So this weekend being my last on Reunion Island, Mafate was a must. Although we got a late start, by the time we started the steep climb down, we wandered across our first novelty: a hand painted sign, saying “Art de Mafate: expo” with an arrow indicating a path. Of course my fellow adventurer Carrie agreed that we should see what “art expo” meant, already 3 hours into our hike. We were surprised when we came across a lovely gated garden, and a kind looking man opened the gate to invite us in. Admittedly instinct told me this probably wasn’t a great idea to wander into a stranger’s house in the middle of nowhere, but in the end we were shown his interesting stone sculptures, and offered bananas and tea. I asked him if he had received many visitors, and he shook his head. “A few come, but not very often.

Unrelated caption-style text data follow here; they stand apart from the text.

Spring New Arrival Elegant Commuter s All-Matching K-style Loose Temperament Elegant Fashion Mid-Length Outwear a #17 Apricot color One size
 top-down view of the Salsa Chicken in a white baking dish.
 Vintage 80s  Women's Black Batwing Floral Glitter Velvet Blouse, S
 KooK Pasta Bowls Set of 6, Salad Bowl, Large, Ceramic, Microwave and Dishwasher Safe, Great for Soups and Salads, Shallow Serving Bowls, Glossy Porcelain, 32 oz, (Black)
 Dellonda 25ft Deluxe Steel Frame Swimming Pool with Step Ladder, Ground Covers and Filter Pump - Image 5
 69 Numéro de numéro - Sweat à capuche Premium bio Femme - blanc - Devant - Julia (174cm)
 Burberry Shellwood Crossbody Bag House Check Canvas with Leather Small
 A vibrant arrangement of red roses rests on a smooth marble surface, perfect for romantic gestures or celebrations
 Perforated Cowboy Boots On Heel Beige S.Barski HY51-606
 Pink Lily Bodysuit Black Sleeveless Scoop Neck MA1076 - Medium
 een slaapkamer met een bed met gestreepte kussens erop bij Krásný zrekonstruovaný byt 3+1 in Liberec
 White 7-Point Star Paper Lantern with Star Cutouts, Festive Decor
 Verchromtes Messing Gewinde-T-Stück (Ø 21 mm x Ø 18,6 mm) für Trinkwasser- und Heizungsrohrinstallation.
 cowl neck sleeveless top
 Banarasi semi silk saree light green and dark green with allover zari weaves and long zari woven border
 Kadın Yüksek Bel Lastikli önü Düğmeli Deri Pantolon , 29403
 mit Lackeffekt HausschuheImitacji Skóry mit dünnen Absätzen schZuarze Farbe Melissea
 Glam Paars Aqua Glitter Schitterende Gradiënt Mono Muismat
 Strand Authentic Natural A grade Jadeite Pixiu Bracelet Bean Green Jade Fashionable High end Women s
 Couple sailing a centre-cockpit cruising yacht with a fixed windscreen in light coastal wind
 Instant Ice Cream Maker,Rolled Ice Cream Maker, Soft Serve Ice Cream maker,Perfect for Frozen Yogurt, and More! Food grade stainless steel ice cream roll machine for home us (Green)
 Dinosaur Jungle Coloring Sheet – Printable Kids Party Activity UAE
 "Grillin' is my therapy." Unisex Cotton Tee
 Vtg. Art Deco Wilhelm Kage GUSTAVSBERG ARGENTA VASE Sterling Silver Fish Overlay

I just started selling my art however.” I asked him about his life, how long he had lived there. He was pleased to show us around his lovely garden, with an amazing rose bush, and explained that he had been living alone there for about 8 years. We left sooner than I had wanted to, but we had to find our fellow traveler Ben before he started thinking we had been attacked by a man with a machete somewhere in the wilds of Mafate.

Every day we passed more and more villages, which were simple “creole case” style houses, with tin roofs, and separate buildings for each part of the house: the kitchen, bedroom, bathroom. We also ran into the occasional bar or café, and even saw signs for a boulangerie. Of course there were “gites,” or cabins everywhere, for visitors to stay in comfort. But we took our tent anyway, which gave us the fortunate possibility of camping anywhere along the way, including on a ridge in the middle of the trail one night. As we walked along, I couldn’t help but rest in awe at the isolation of the place. It took us over two days to cross the valley, and every time we ran into a tiny village, we couldn’t help but notice gates, dogs, and friendly, but less friendly than your average Reunionnais people. People seemed to enjoy gardening here, and along the way it was easy to pick out somewhat wild fields of corn and green beans, along with the splendors of wild Reunion, such as the chou chou plant, guava fruits, and the “goyavier,” a small red and tart fruit that grow in the forest. We ran into chickens and goats, even next to the school house, which seemed even more absurd.

It’s hard to imagine how different life must be there. Whenever the people need anything in town, they either have to walk, or wait for a shipment of goods by helicopter. Normally, they just walk, walk and walk. One guy we ran into was listening calmly to his MP3 player as he literally sprinted down a steep hill, disappearing from view in less than a minute. We had a hard time understanding this, as our knees gave way to each down hill step, and we panted along the uphill bits, walking for hours and hours. In the end we made it to Salazie, the rainiest place on the island, on the East end, and managed to hitch a ride part of the way home.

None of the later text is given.